None of that will stop her, though, because Skye Skin was born for stardom. Lordy, her final performance in the show and the riot act she reads Bora is amazing.
Also? This book is gay. Soooooooo gay! Fellow contestants and new friends Tiffany and Lana are a lesbian couple. Both Skye and her love interest Henry are bisexual and have no idea what to do with each other for a while, but it's all good once they learn to talk things out and he starts sending her pics of his adorable dog Snowball. Sending your crush pics of your pet is always a good idea. Kenry is a bit sheltered thanks to being a celebrity in his own right and the child of a major Korean family, but he's very kind and supportive. That picture of Will Smith dramatically gesturing at the glory of his wife on the red carpet? That's Henry Cho embodied in a single image.
All four of these characters have homophobia and biphobia in their lives, but once it's dicussed, the book moves on.
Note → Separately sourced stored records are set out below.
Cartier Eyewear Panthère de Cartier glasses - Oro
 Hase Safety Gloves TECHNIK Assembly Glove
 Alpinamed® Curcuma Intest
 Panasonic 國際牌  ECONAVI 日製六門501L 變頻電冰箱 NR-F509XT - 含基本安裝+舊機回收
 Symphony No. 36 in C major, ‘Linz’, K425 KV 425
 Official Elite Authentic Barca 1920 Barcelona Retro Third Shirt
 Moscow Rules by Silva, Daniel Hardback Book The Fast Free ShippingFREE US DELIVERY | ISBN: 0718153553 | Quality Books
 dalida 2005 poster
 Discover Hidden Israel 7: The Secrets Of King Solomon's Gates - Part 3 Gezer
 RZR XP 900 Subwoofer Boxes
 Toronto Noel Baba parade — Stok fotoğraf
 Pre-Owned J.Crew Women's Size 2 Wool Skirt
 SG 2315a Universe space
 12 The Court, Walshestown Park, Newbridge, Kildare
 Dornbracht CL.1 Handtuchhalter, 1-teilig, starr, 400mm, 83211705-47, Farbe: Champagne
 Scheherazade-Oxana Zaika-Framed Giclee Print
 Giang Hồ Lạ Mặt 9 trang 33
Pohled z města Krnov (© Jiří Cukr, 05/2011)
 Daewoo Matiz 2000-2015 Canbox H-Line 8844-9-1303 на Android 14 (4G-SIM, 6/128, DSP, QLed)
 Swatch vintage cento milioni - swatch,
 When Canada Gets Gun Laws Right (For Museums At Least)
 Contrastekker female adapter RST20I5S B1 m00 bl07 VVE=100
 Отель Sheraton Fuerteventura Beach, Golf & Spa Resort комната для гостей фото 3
That may not satisfy some readers, but it helps keep the book's vibe happy and upbeat.
Getting across the glitz and energy of a song/dance competition with just words is difficult, but Lee gets the job done and makes each round of You're My Shining Star come alive. She doesn't go into meticulous detail when describing the dances yet keeps the imagery vivid. Some of the choreography and songs come from real music, so readers can look them up to see the dances in motion.
Why isn't this book already a movie? SERIOUSLY, WHY? I'd pay good money for it. I'll Be the One is an unparalleled delight akin to a K-pop Dumplin' but even better. You should all buy this book ASAP so we can get that movie made.